**Task description:** The required output is the exact run of lines in the listing below from the line holding "Anti-IMPDH1 Polyclonal Antibody (CAB9497)" through the line holding "Mamoplastia de Reducción", with no pictures.

━━ Dataset content

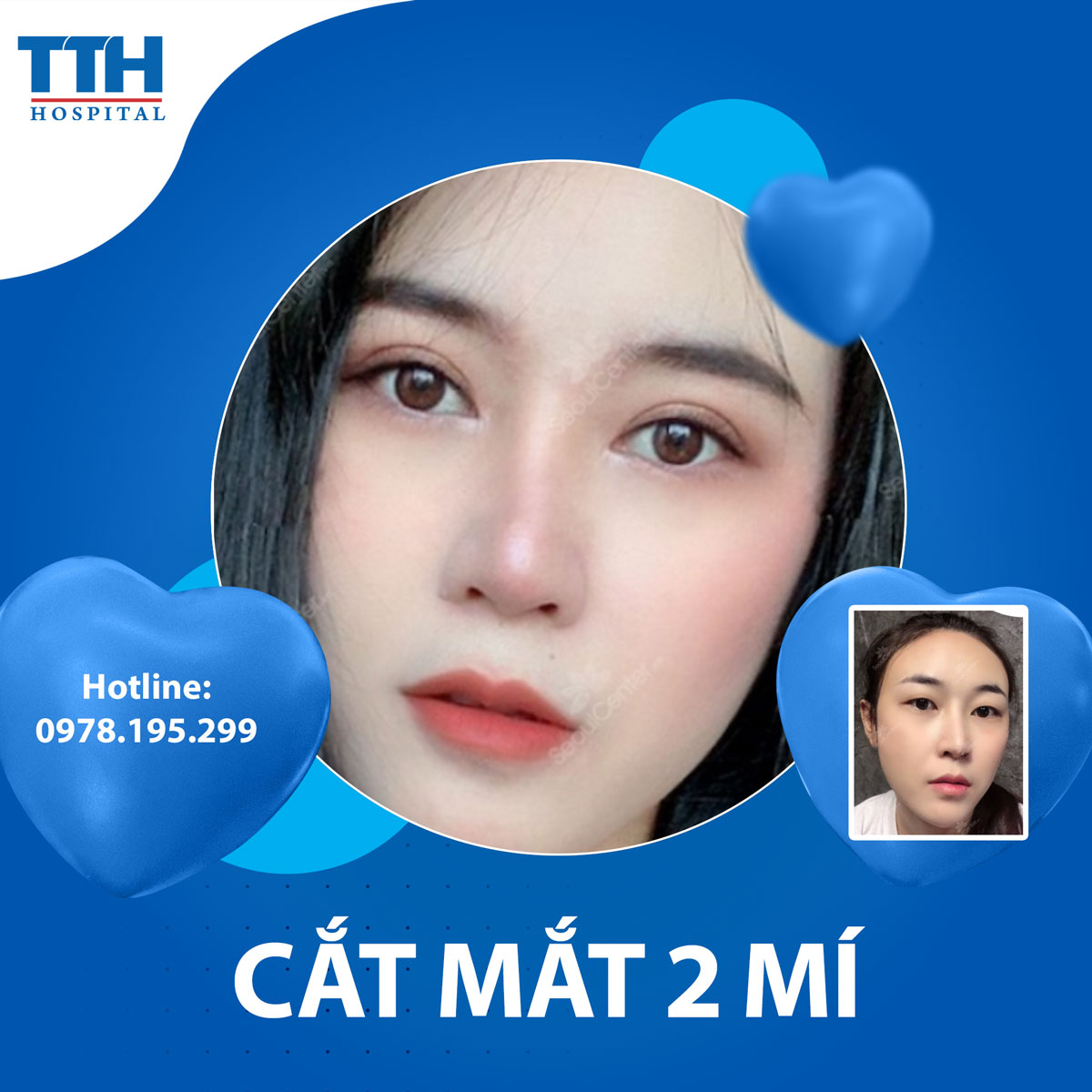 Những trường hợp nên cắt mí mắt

━━━━
━━ Dataset content

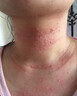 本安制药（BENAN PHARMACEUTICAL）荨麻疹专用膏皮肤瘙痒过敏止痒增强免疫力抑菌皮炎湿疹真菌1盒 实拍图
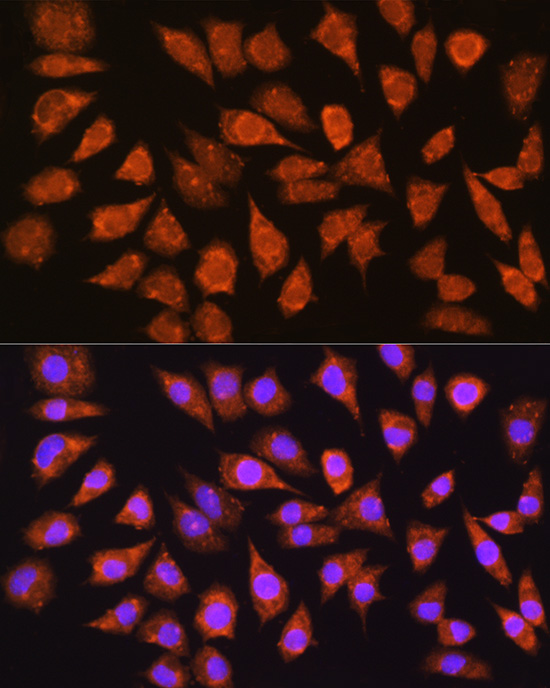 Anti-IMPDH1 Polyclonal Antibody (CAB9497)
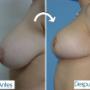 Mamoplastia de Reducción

━━━━

**Problem solution:**
 Anti-IMPDH1 Polyclonal Antibody (CAB9497)
 Mamoplastia de Reducción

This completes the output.